Our pediatric dentists will do everything possible to save baby teeth from extraction but sometimes it may be necessary to remove a tooth. This could be due to dental trauma or disease, or as part of orthodontic treatment. While we do our best to save baby teeth, our primary concern is to ensure the adult tooth which is forming underneath the baby tooth is not damaged in any way. If there is a risk the baby tooth may adversely affect the adult tooth then we will recommend its removal.
Baby Tooth Extractions Due to Disease
We will need to extract a tooth if it is significantly decayed and cannot be restored with either a filling or a crown. This might be the case if the decayed tooth is infected or abscessed and is causing pain to a child. Extraction prevents the adult tooth which is forming underneath the baby tooth from being affected.
Extracting Teeth Damaged by Trauma
If for example a baby tooth has been badly knocked by a slip or fall accident, and it is forced back into the jaw, it may possibly damage the adult tooth underneath. A dental trauma can also result in the death of the nerves and blood vessels inside a tooth. In this situation the effected tooth will need to be extracted. An injury can also allow bacteria into a tooth where it will cause infection. Sometimes an infected tooth can be saved with a pulpotomy procedure but if the damage is too extensive it has to be extracted.
Problems which May be Caused by Early Extraction of Baby Teeth
One of the reasons we do our best to ensure baby teeth last until the adult teeth are ready to erupt is because early extraction can cause problems. When baby teeth are lost too early this enables the adjacent teeth to begin drifting into the empty space causing it to become narrower. The lack of space can affect the eruption of the adult tooth and as a result it may be crowded or crooked, increasing a child’s chances of requiring orthodontics at a later date. If we feel this is a risk, the doctor will fit your child with a space maintainer which holds open the correct amount of space until the adult tooth is ready to erupt. This prevents the remaining teeth from drifting out of position.
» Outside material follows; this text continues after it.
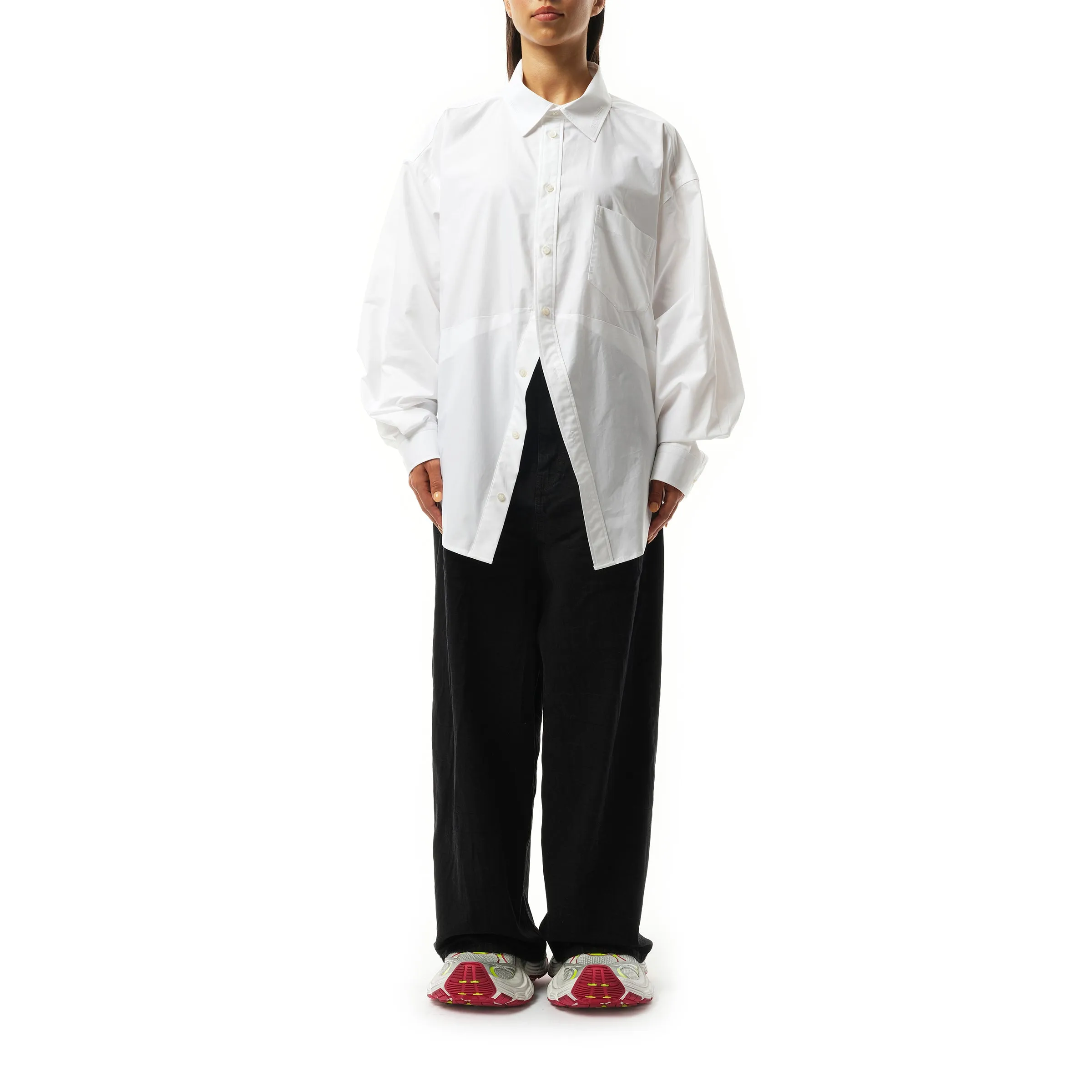 Swing Shirt in White sold by MARAIS product image thumbnail 4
Our pediatric dentist is experienced in treating young children who may have an injured tooth and be in pain or discomfort. We will do everything we can to ensure the extraction is as comfortable as possible.
Extractions (include local anesthesia, suturing, if needed, and routine postoperative care)
D7111 – Extraction, coronal remnants – deciduous tooth. Removal of soft tissue-retained coronal remnants.
D7140 – Extraction, erupted tooth or exposed root (elevation and/or forceps removal) Includes routine removal of tooth structure, minor smoothing of socket bone, and closure, as necessary.